Limitações do Estudo As limitações deste estudo são próprios de pesquisa com uso de dados

secundários, neste estudo relacionado as fragilidades e inconsistências na cobertura e qualidade de dados das notificações registradas no Sistema de Informação para a Vigilância de Acidentes, que além das possíveis subnotificações há um importante número de informações ignoradas, em branco ou não informadas que inviabilizam e fragilizam a análise desse estudo.

Conclusão O estudo possibilitou detectar dados equivalentes aos do contexto

nacional quanto a características de pessoas envolvidas com acidentes de trânsito como a predominância do sexo masculino, faixa etária jovem, 8 anos de estudos ou mais e motocicleta como principal tipo de veículo envolvido. Porém o Distrito do Jardim Ângela apresenta particularidades quanto as suas ocorrências, se destacando o representativo número de casos envolvendo bicicletas, pico de ocorrência no período entre às 14 horas e 15 horas, menor percentual de ocorrência no período da manhã, poucos registros de uso de álcool ou drogas por parte dos envolvidos (3,9% e 1,3% respectivamente) e em quase sua totalidade as pessoas envolvidas serem residentes do distrito, características importantes para a condução de práticas de educação em saúde mais diretivas e focadas.

Ações educativas são primordiais na mudança de comportamento e alerta dos moradores, sendo imperativa a adoção de práticas que assegurem principalmente o trânsito de jovens motociclistas e crianças ciclistas no Distrito Administrativo do Jardim Ângela. Porém intervenções de infraestrutura se fazem necessárias para a prevenção de acidentes de trânsito no distrito, especialmente com a ampliação de recursos e alternativas cicloviárias e efetivas medidas de fiscalização de motocicletas, principalmente no período da madrugada.

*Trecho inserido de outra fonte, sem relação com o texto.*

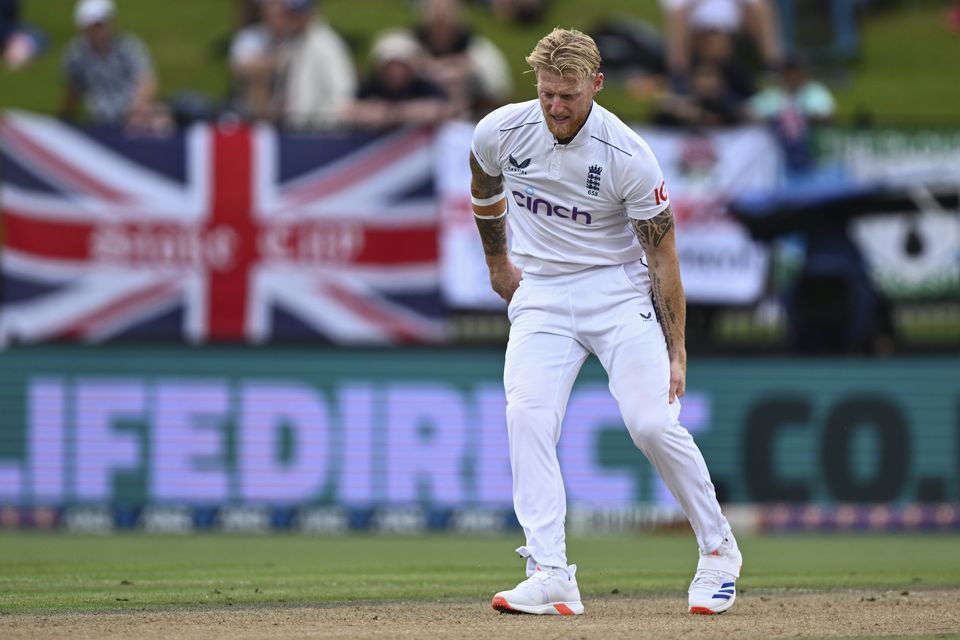 England captain Ben Stokes grabs at his leg while bowling (Andrew Cornaga/Photosport/AP)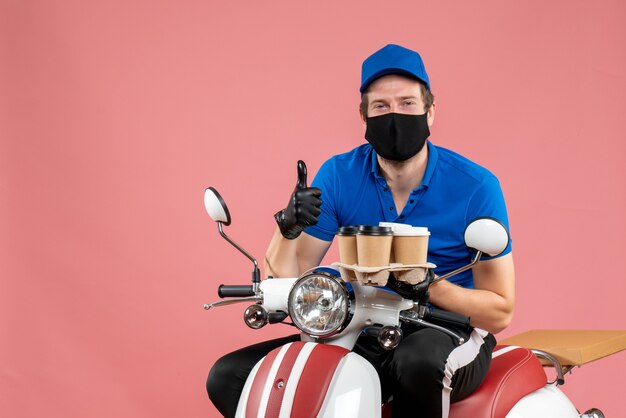 Coursier mâle vue de face assis sur un vélo et tenant des tasses à café sur le rose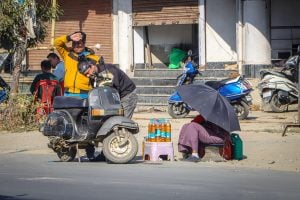 people on side of road in heat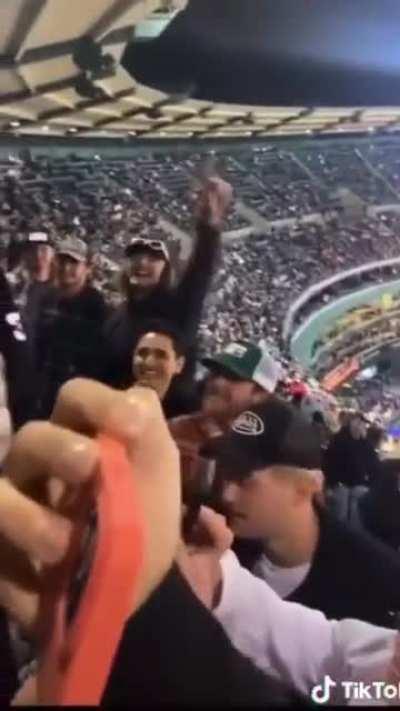 Woman gets mad at another woman for flashing her chest at a game where kids are also present, crowd throws beer on her.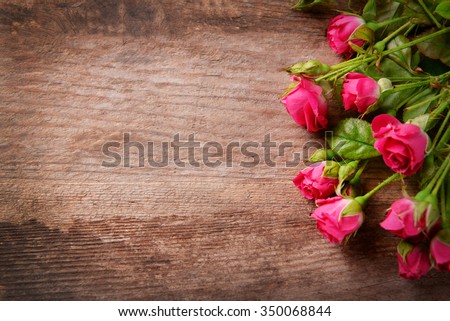 Beautiful bouquet of pink little roses on wooden background, copy space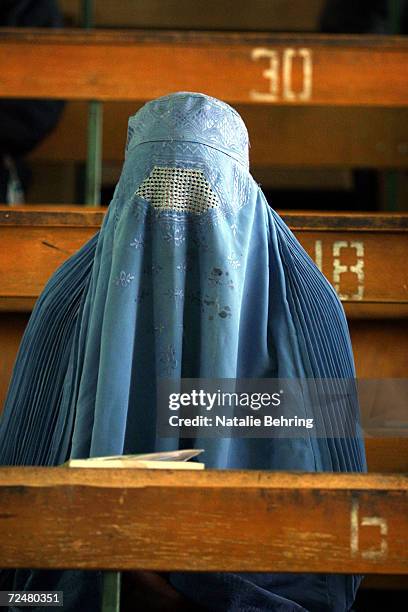 An Afghan woman, wearing a burqa, sits in a lecture hall February 20, 2002 as she waits to take a university entrance exam at Kabuls Polytechnic...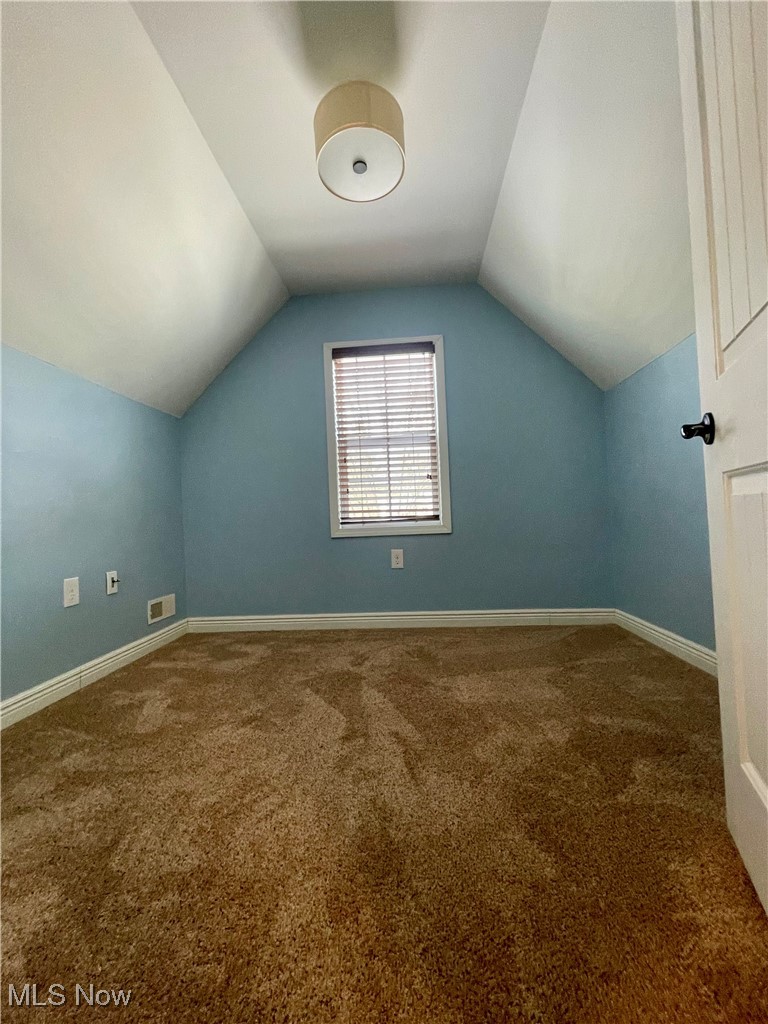 1544 Edgefield Road Lyndhurst, OH 44124 - Photo 24 of 36 Additional living space with dark carpet and lofted ceiling
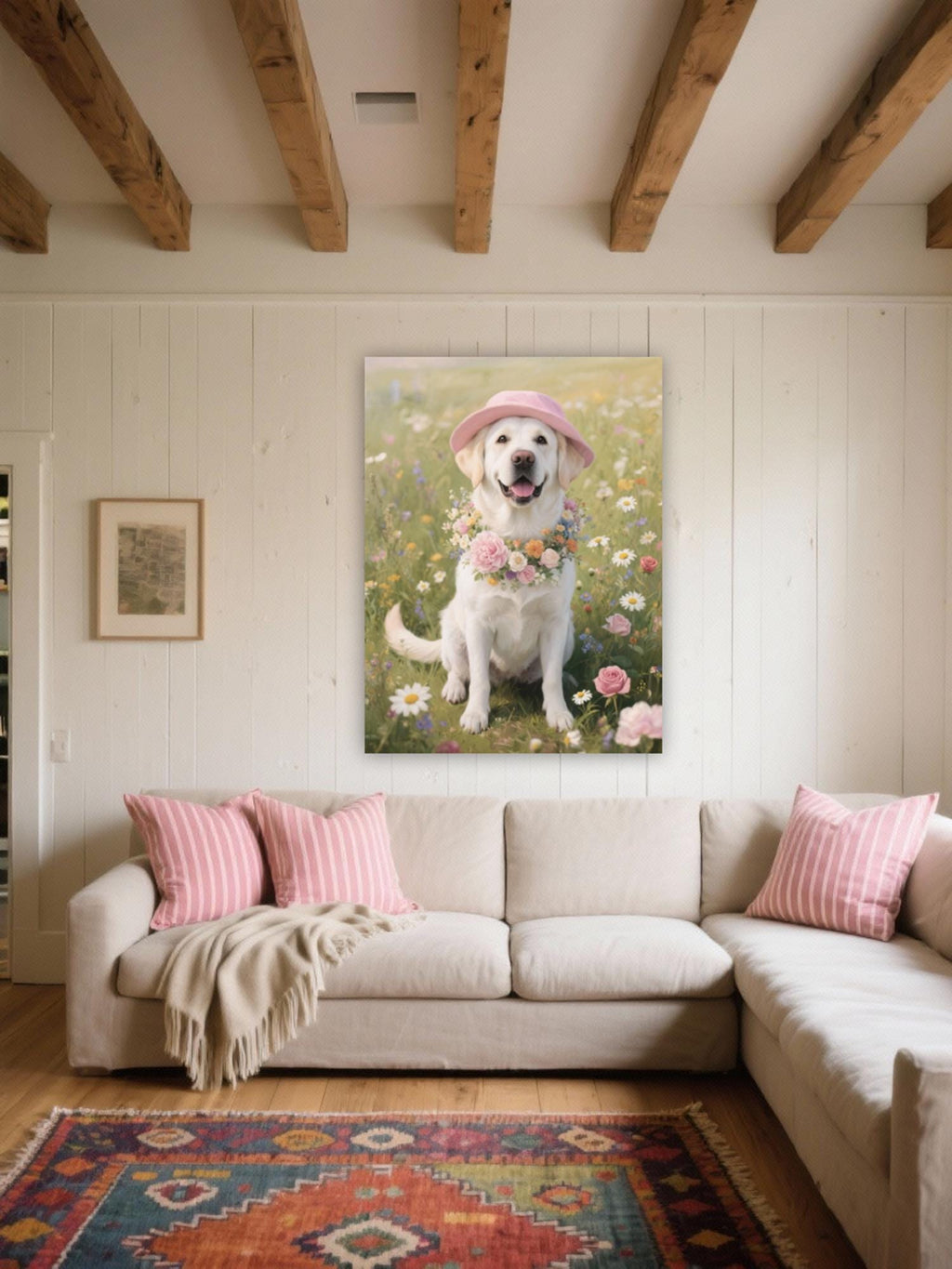 a cozy living room with a large, cheerful dog sitting in a field of flowers, wearing a pink hat. The room has a beige sofa with pink and white striped pillows, and a colorful rug on the floor. A large framed picture of the dog is displayed on the wall above the sofa.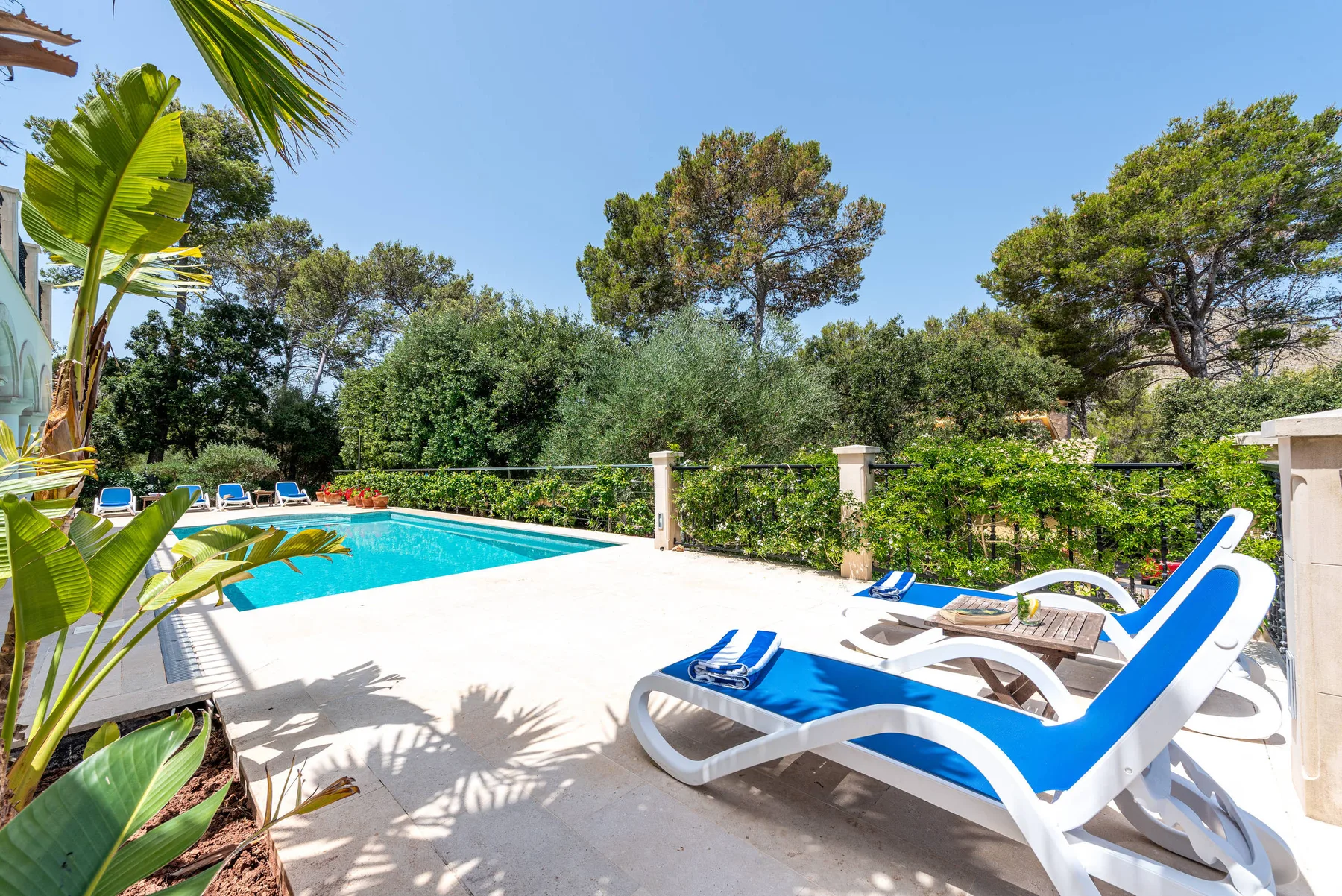 An outdoor swimming pool beside a paved patio with blue lounge seating.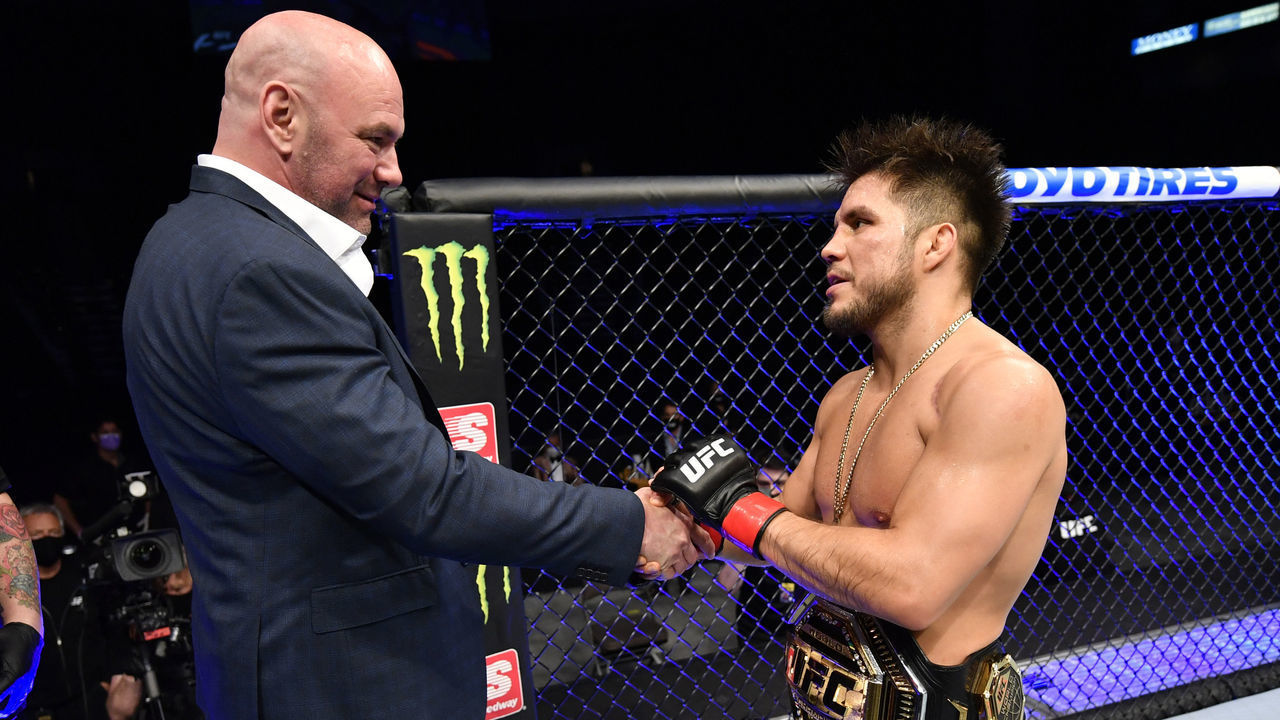 JACKSONVILLE, FLORIDA - MAY 09: Henry Cejudo talks with UFC president Dana White after announcing his retirement in the Octagon after his UFC bantamweight championship fight during the UFC 249 event at VyStar Veterans Memorial Arena on May 09, 2020 in Jacksonville, Florida.
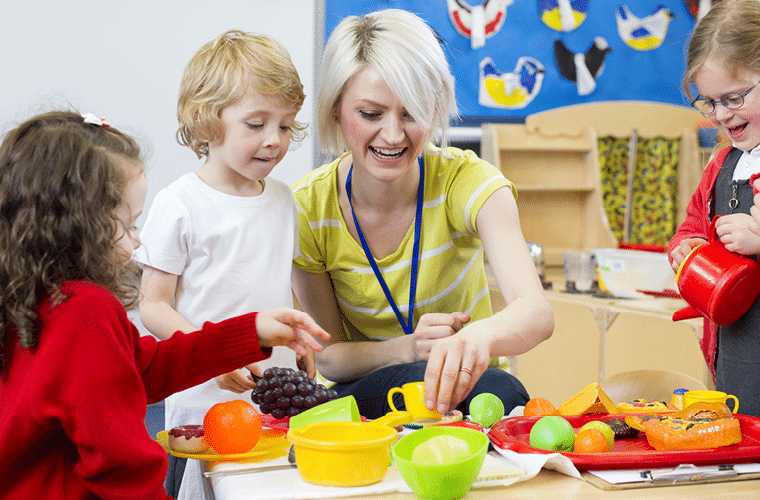young child working with a nursery assistant at a table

Pesquisas descentralizadas devem ser incentivadas para investigação de perfis epidemiológicos locais nas grandes metrópoles de forma a compreender as dinâmicas mais particularizadas de cada região conduzindo a promoção mais efetiva das ações preventivas e de saúde pública. Desdobramentos

Por meio desse estudo serão promovidas oficinas e projetos educativos no Distrito Administrativo do Jardim Ângela com profissionais de saúde em parceria com diferentes atores sociais de forma a prevenir acidentes de trânsito na região, por meio do Programa Ambientes Verdes e Saudáveis, programa de abordagem socioambiental na Estratégia Saúde da Família da Cidade de São Paulo.